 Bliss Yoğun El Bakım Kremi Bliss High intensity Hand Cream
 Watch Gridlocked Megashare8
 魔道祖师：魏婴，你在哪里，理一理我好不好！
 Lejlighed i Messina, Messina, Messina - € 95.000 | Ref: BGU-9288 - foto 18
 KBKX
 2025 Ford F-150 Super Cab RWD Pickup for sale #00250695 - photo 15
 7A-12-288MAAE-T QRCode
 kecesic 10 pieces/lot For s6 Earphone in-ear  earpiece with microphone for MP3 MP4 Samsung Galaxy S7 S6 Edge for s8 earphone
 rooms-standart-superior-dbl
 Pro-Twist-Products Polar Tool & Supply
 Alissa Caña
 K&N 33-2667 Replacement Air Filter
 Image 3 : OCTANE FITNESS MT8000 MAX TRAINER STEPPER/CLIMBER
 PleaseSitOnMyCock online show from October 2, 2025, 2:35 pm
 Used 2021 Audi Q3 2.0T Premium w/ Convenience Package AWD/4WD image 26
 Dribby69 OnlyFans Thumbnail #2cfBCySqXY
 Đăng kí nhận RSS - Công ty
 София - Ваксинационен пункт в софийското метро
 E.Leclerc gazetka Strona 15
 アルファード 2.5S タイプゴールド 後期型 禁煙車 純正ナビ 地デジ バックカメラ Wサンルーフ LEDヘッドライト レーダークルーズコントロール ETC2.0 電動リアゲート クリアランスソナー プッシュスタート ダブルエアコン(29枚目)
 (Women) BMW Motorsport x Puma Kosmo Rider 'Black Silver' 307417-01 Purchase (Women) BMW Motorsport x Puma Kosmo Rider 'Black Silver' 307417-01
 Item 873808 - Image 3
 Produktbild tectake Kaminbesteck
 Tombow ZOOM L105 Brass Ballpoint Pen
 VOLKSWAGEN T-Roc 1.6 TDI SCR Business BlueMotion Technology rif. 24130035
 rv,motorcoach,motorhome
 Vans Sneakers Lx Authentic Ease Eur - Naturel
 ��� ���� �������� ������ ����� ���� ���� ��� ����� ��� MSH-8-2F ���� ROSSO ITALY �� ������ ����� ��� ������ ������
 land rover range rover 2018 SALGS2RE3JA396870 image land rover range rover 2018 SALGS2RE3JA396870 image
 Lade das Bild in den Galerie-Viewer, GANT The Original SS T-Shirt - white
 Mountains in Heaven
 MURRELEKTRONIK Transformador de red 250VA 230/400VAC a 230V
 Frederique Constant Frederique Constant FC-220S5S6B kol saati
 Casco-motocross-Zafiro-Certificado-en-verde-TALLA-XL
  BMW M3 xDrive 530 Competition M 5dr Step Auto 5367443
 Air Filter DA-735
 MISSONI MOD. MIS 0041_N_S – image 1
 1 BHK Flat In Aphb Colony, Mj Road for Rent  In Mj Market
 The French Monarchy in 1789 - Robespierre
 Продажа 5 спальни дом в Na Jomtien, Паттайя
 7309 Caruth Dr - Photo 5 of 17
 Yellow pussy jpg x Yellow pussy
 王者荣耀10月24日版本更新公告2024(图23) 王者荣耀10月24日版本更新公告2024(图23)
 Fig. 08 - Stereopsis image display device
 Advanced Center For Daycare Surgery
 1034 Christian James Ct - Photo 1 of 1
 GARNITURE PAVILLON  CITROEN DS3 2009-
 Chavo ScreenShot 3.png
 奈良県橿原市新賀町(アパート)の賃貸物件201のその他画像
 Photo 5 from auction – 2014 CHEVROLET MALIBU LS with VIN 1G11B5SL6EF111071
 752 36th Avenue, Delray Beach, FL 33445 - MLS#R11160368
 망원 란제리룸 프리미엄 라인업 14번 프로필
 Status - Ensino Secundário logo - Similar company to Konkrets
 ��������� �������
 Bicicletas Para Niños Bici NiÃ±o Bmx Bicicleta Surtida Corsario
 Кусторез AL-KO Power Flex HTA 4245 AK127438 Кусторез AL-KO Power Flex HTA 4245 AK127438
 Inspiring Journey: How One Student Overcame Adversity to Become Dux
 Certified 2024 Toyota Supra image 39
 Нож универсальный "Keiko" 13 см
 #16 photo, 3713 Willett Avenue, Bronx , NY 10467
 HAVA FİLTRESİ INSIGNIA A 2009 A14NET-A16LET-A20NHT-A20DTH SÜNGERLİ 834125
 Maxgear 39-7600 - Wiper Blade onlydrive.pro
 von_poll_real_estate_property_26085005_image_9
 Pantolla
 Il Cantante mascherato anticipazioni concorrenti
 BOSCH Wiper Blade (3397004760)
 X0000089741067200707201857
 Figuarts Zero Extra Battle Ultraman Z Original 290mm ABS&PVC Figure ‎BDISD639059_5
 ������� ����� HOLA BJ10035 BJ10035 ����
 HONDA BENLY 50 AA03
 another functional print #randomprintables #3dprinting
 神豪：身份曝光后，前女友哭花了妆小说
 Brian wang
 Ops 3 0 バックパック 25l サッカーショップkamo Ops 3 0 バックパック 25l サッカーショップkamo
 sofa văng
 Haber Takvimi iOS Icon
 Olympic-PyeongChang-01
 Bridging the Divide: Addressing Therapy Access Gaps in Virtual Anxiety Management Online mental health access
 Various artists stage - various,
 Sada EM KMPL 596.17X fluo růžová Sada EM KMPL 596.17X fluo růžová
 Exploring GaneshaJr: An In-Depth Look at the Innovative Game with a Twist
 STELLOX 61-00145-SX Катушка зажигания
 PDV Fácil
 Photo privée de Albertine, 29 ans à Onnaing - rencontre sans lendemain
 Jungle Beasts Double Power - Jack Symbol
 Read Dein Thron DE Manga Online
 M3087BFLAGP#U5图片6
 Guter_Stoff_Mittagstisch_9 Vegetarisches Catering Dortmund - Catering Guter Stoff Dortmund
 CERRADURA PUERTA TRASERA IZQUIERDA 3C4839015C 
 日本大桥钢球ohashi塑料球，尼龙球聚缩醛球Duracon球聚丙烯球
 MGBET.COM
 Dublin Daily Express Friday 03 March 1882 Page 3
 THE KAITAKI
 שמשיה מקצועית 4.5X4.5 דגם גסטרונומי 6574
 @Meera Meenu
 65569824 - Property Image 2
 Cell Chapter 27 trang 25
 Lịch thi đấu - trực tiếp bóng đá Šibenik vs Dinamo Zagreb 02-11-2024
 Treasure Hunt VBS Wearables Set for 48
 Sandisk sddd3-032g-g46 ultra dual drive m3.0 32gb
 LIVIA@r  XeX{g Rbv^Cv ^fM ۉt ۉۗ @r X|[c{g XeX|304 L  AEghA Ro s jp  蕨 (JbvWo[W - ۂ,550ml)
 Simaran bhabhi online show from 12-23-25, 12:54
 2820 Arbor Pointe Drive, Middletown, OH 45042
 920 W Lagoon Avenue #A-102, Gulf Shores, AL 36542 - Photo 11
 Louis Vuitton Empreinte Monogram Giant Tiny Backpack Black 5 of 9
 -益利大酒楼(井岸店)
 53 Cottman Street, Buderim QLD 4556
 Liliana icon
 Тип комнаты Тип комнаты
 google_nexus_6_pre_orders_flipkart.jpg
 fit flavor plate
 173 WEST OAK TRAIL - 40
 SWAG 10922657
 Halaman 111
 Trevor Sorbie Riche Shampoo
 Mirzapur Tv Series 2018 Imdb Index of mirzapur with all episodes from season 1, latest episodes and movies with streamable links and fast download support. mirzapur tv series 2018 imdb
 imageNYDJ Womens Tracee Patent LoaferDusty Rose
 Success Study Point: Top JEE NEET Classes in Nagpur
______________________________
The task: Return, unchanged, the run of lines above that opens with the line containing "Air Filter DA-735" and closes with the line containing "神豪：身份曝光后，前女友哭花了妆小说". Include both.

Response to this task:
 Air Filter DA-735
 MISSONI MOD. MIS 0041_N_S – image 1
 1 BHK Flat In Aphb Colony, Mj Road for Rent  In Mj Market
 The French Monarchy in 1789 - Robespierre
 Продажа 5 спальни дом в Na Jomtien, Паттайя
 7309 Caruth Dr - Photo 5 of 17
 Yellow pussy jpg x Yellow pussy
 王者荣耀10月24日版本更新公告2024(图23) 王者荣耀10月24日版本更新公告2024(图23)
 Fig. 08 - Stereopsis image display device
 Advanced Center For Daycare Surgery
 1034 Christian James Ct - Photo 1 of 1
 GARNITURE PAVILLON  CITROEN DS3 2009-
 Chavo ScreenShot 3.png
 奈良県橿原市新賀町(アパート)の賃貸物件201のその他画像
 Photo 5 from auction – 2014 CHEVROLET MALIBU LS with VIN 1G11B5SL6EF111071
 752 36th Avenue, Delray Beach, FL 33445 - MLS#R11160368
 망원 란제리룸 프리미엄 라인업 14번 프로필
 Status - Ensino Secundário logo - Similar company to Konkrets
 ��������� �������
 Bicicletas Para Niños Bici NiÃ±o Bmx Bicicleta Surtida Corsario
 Кусторез AL-KO Power Flex HTA 4245 AK127438 Кусторез AL-KO Power Flex HTA 4245 AK127438
 Inspiring Journey: How One Student Overcame Adversity to Become Dux
 Certified 2024 Toyota Supra image 39
 Нож универсальный "Keiko" 13 см
 #16 photo, 3713 Willett Avenue, Bronx , NY 10467
 HAVA FİLTRESİ INSIGNIA A 2009 A14NET-A16LET-A20NHT-A20DTH SÜNGERLİ 834125
 Maxgear 39-7600 - Wiper Blade onlydrive.pro
 von_poll_real_estate_property_26085005_image_9
 Pantolla
 Il Cantante mascherato anticipazioni concorrenti
 BOSCH Wiper Blade (3397004760)
 X0000089741067200707201857
 Figuarts Zero Extra Battle Ultraman Z Original 290mm ABS&PVC Figure ‎BDISD639059_5
 ������� ����� HOLA BJ10035 BJ10035 ����
 HONDA BENLY 50 AA03
 another functional print #randomprintables #3dprinting
 神豪：身份曝光后，前女友哭花了妆小说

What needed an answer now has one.